Imbuídos das melhores intenções do politicamente correto, ao jogarem fora a
água do banho (o racismo recreativo, a ridicularização de minorias sexuais, a
desumanização de pessoas com deficiência, a objetificação da mulher etc.),
descartaram também a bacia, o bebê, o berço e a babá.
O humor — como a Vila de Noel e a crase — não foi feito para humilhar ninguém. É só uma quebra de expectativa, uma subversão da lógica, um olhar para o absurdo. Mas requer — de quem faz e de quem consome — inteligência e coragem, insumos escassos no mercado.
O espaço onde um dia vicejaram experimentos
como “TV Pirata”, “Casseta & planeta”, “Os normais” e “Zorra” é hoje um
terreno baldio.
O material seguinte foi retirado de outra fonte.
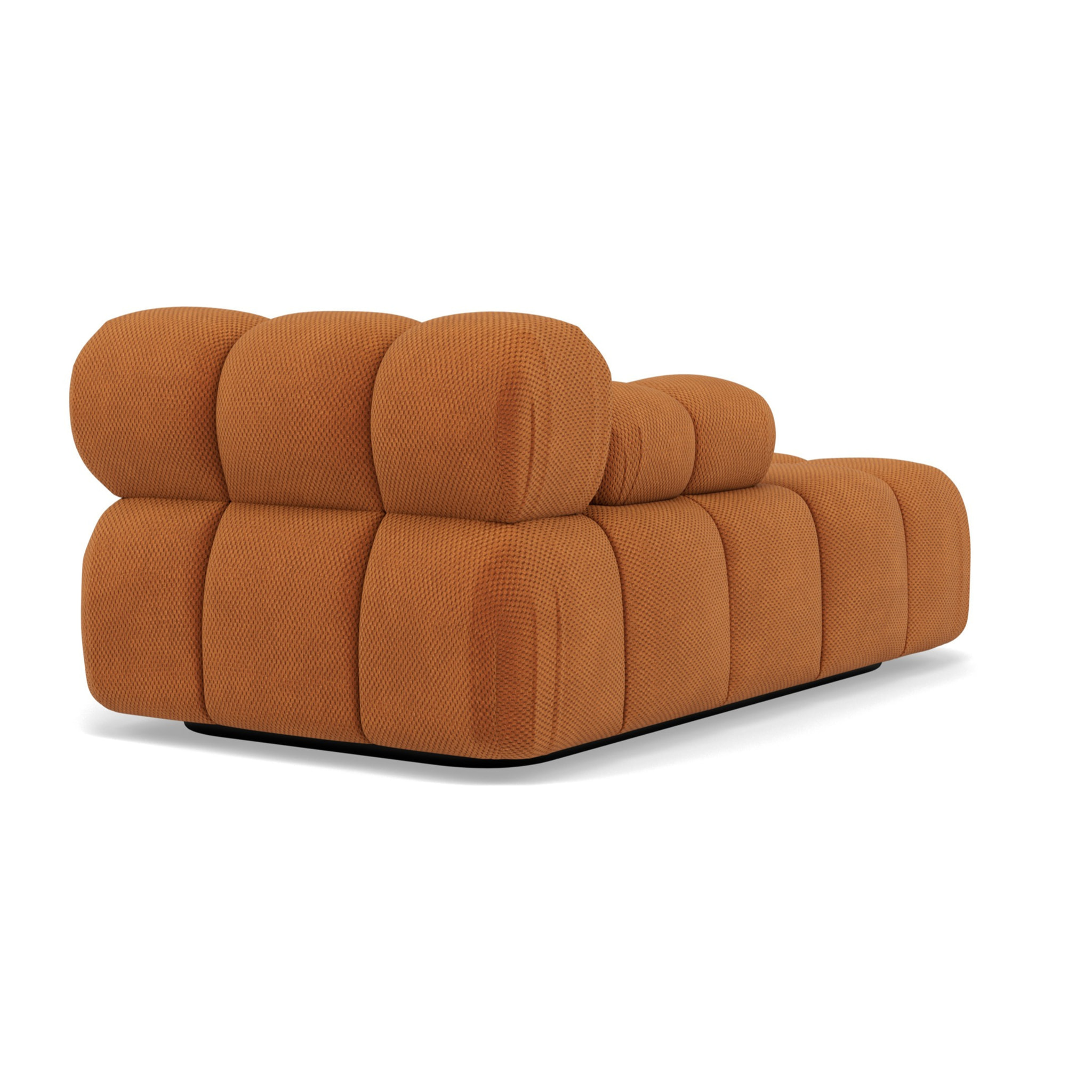 Ruby - module d'assise méridienne gauche en velours texturé - Terracotta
A graça se mudou de mala e cuia para a internet e para os
espetáculos de stand-up, onde o humorista atua por sua conta e risco.
Só lá você encontrará a Dona Fernandona, do
Thiago Chagas, tirando sarro dos cacoetes de interpretação da imortal Fernanda
Montenegro. E Chico Raiz, sommelier de botecos pelo mundo e especialista em
brique — ou pequenos negócios, para ti que, ao contrário do Francisco Cechin
Junior, não fala gauchês. É ali que topará com a vida de Tina (cara da Isabela
Mariotto, voz da Júlia Burnier), a progressista que quer expiar todas as culpas
da burguesia sem abrir mão dos privilégios jamais. Ou com a arquetípica fauna
urbana de Fernanda Fuchs e Dig Verardi. Nenhum deles deve nada aos grandes
humoristas do passado, mas dificilmente teria na televisão (que acha que
precisa agradar a todo mundo) a liberdade que encontrou em seus nichos. O mesmo
vale para a iconoclastia do “Porta dos fundos”, a agudeza do Fábio Cruz (o
Fabão), a criatividade anárquica do André Gabeh e uma penca de outros.
Parece que nos esquecemos de que o humor tem
lado: o outro lado. Que não existe humor a favor. Que o humorista é o bobo da
corte, aquele a quem cabe enunciar o que não queremos ouvir (o que pensamos e
não chegamos a dizer, porque os neurônios estão sem sinal ou o superego não
deixa). Porque se ofender virou sinal de virtude.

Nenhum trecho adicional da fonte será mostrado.